South Thailand Insurgency

The South Thailand Insurgency is an ethnic separatist insurgency taking place in Southern Thailand, predominantly in the Malay Pattani region, made up of the four southernmost provinces of Thailand. In Thailand it is known simply as Unrest in southern Thailand (Thai: ความไม่สงบในชายแดนภาคใต้ของประเทศไทย). Violence has increasingly been spilling over into other provinces. Although separatist violence has occurred for decades in the region, the campaign escalated in 2004.

In July 2005, Thaksin Shinawatra, then Prime Minister of Thailand, assumed wide-ranging emergency powers to deal with the insurgency. In September 2006, Army Commander Sonthi Boonyaratkalin was granted an extraordinary increase in executive powers to combat the unrest.
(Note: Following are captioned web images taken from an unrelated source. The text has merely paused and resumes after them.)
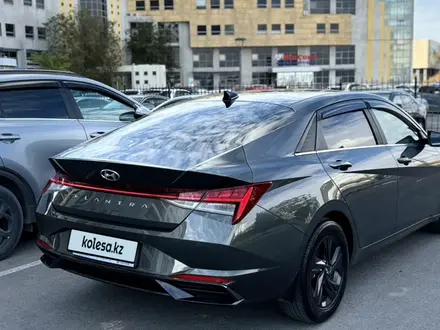 Hyundai Elantra 2021 года за 9 500 000 тг. в Актау – фото 14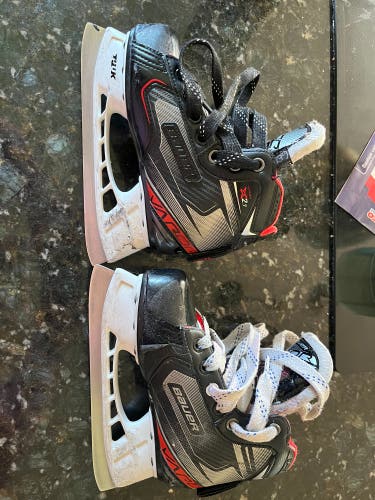 Bauer Vapor X2.7 Hockey Goalie Skates 13 (Used)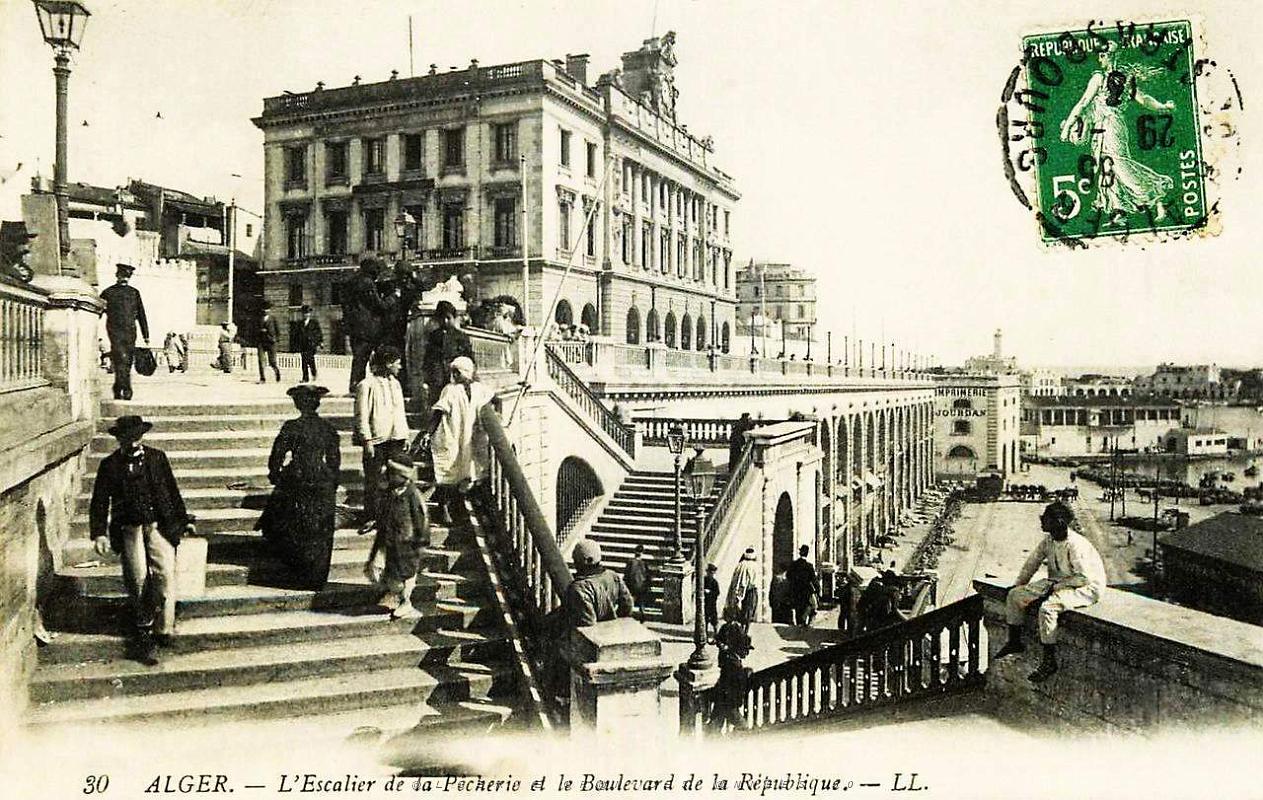 68- Alger - Escalier de la pecherie et Bd de la Republique.jpg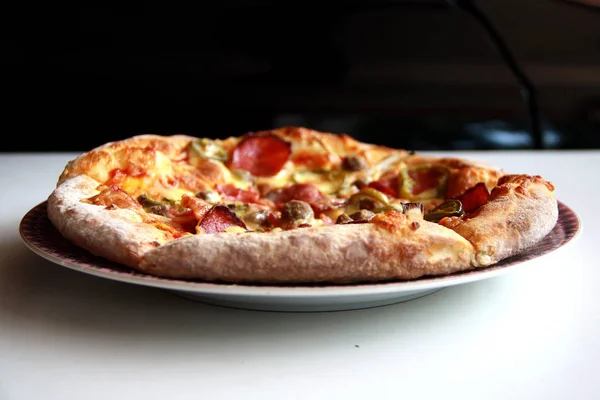 燻製牛肉 ピーマン モッツァレラチーズをトッピングとピザ 木材の背景 — ストック写真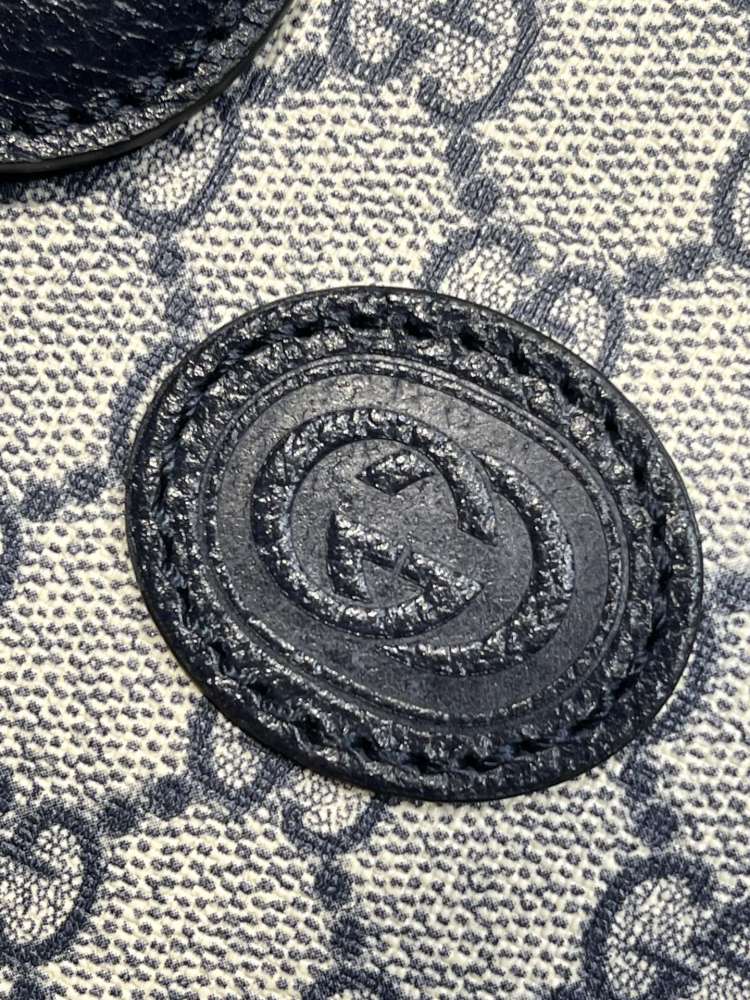 Gucci  size 16*20*7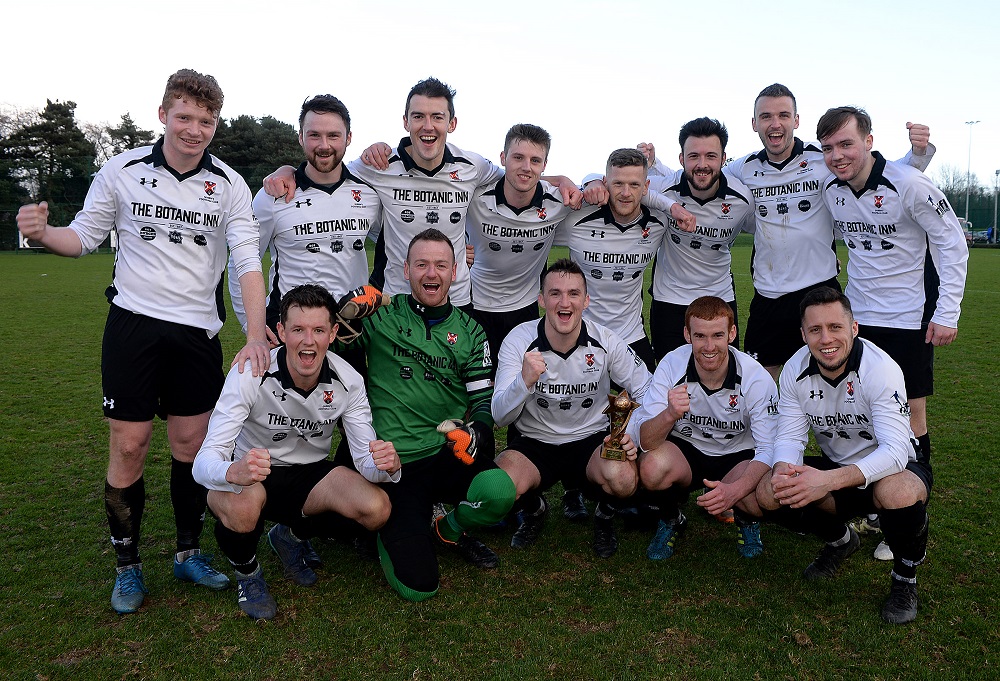 Queen's University celebrate their 5-0 defeat of Lurgan Town.jpg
Soon afterwards, on 19 September 2006, Sonthi and a military junta ousted Thaksin in a coup. Despite conciliatory gestures from the junta, the insurgency continued and intensified. The death toll, 1,400 at the time of the coup, increased to 2,579 by mid-September 2007.

Despite little progress in curbing the violence, the junta declared that security was improving and that peace would come to the region by 2008. The death toll surpassed 3,000 in March 2008. During the Democrat-led government of Abhisit Vejjajiva, Foreign Minister Kasit Piromya noted a "sense of optimism" and said that he was confident of bringing peace into the region within 2010. By the end of 2010, insurgency-related violence had increased, confounding the government's optimism. Finally in March 2011, the government conceded that violence was increasing and could not be solved in a few months.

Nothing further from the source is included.